Der Kulturhausleiter hatte umdisponiert: Der Freundschaftsbus fuhr nun ohne unsere Bilder, dafür mit einem Chor und einer Tanzgruppe an Bord - und ich bekam Hausverbot. "Du hast schweren politischen Schaden angerichtet", so seine Begründung. Von allen weiteren Vorgängen erfuhr ich nur noch durch meine Freunde aus dem Fotozirkel, etwa, dass sie es abgelehnt hatten, an meiner Stelle den Club zu führen, und dass die junge Frau vom FDGB-Bezirksvorstand in der Zwischenzeit Berlin konsultiert hatte. Neun Monate später eine überraschende Nachricht: Der Kulturhausleiter war gefeuert worden. Am nächsten Tag bekam ich eine Einladung. Das Hausverbot sei aufgehoben, teilte man mir mit und fragte mich, ob ich nicht die Leitung des Fotoclubs fortführen möchte. Ich nahm an. Es sollte nicht die letzte Auseinandersetzung mit der Obrigkeit gewesen sein.
Richtig mulmig wurde mir aber erst, nachdem ich mich 1988 auf Rat von Freunden zum Kandidaten des DDR-Künstlerverbandes hatte küren lassen. Um meine Fähigkeiten als "Fotoschaffender" unter Beweis zu stellen, sollte ich eine weitere Bilderstrecke vorlegen, was mir einige Kopfschmerzen bereitete. Die wirklich aussagekräftigen Aufnahmen vom Zustand der DDR, die ich 1987 auf einer Rundreise angefertigt und zu denen mich eine Ausstellung des Fotografen Harald Hauswald in Berlin ermutigt hatte, zeigte ich nur mir sehr vertrauten Menschen. Ich entschied mich stattdessen, den Zustand von Rostocks ältestem Stadtteil zu dokumentieren.
"Mir wurde schlecht"
Es dauerte eine Weile, bis ich die Sache technisch im Griff hatte: Die Kiev 88 - eine schwere Mittelformatkamera aus sowjetischer Produktion - taugte dazu nicht. Als ich endlich die Kamera hatte, die ich brauchte, griff ich Stativ, Leiter und meine neue Pentacon Six, positionierte mich in der Altstadt, wartete auf den richtigen Moment und dachte: Wenn jetzt einer kommt und dich fragt, "was machen Sie da?" Was sag ich dem? Zu meiner eigenen Beruhigung legte ich mir die Antwort zurecht: Ich würde einfach sagen, dass ich hier fotografiere. Und dass man dazu doch wohl keine Genehmigung brauche
Aber es kam nicht einer, es kamen viele: eine Reisegruppe aus dem Westen. "Was machen Sie denn da?" - "Ich fotografiere die Altstadt." - "Welche Mission verfolgen Sie damit?" - "Ich mache es für die späteren Generationen. Damit sich irgendwann mal jemand daran erinnert, wie es im Mai 1989 hier ausgesehen hat."

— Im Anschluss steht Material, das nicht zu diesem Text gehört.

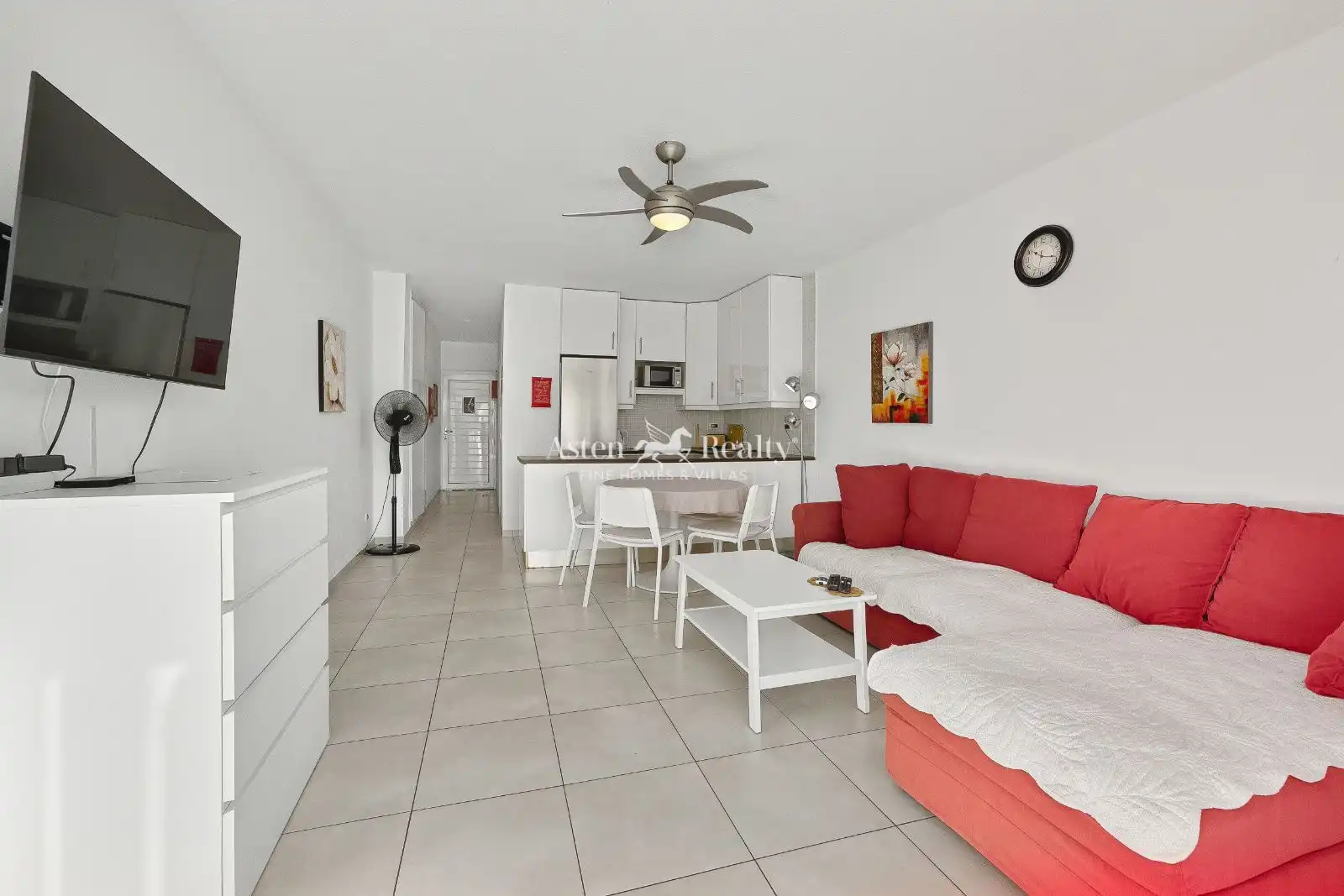 Apartament amb piscina en venda a Ernesto Sarti 11, imagen 8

Der Mann, der mich angesprochen hatte, guckte mich mit großen Augen an, dann griff er in seine Jackentasche und gab mir ein Buch: "Der vormundschaftliche Staat. Vom Versagen des real existierenden Sozialismus" von Rolf Henrich. "Hier", sagt er, "das schenke ich Ihnen."
Mir wurde schlecht. Wenn dich jetzt einer erwischt, dachte ich, und dann mit diesem Buch in der Hand - dann bist du geliefert.
Einige Monate später, Anfang Dezember 1989, kurz nach dem Mauerfall, waren meine Altstadt-Fotografien Teil der Bezirkskunstausstellung in Rostock. Das langfristig vorbereitete Protokoll der Veranstaltung sah vor, dass der 1. Sekretär der SED-Bezirksleitung Rostock die Exposition eröffnete. Er tat es - allerdings ohne wahrnehmbares Interesse, denn er war bereits einige Wochen zuvor öffentlich entmachtet worden. Von mir gab es in dieser Ausstellung noch eine zweite Fotoserie - ganz frisch. Ihr Titel: "Wir sind das Volk!" Ich war zufrieden.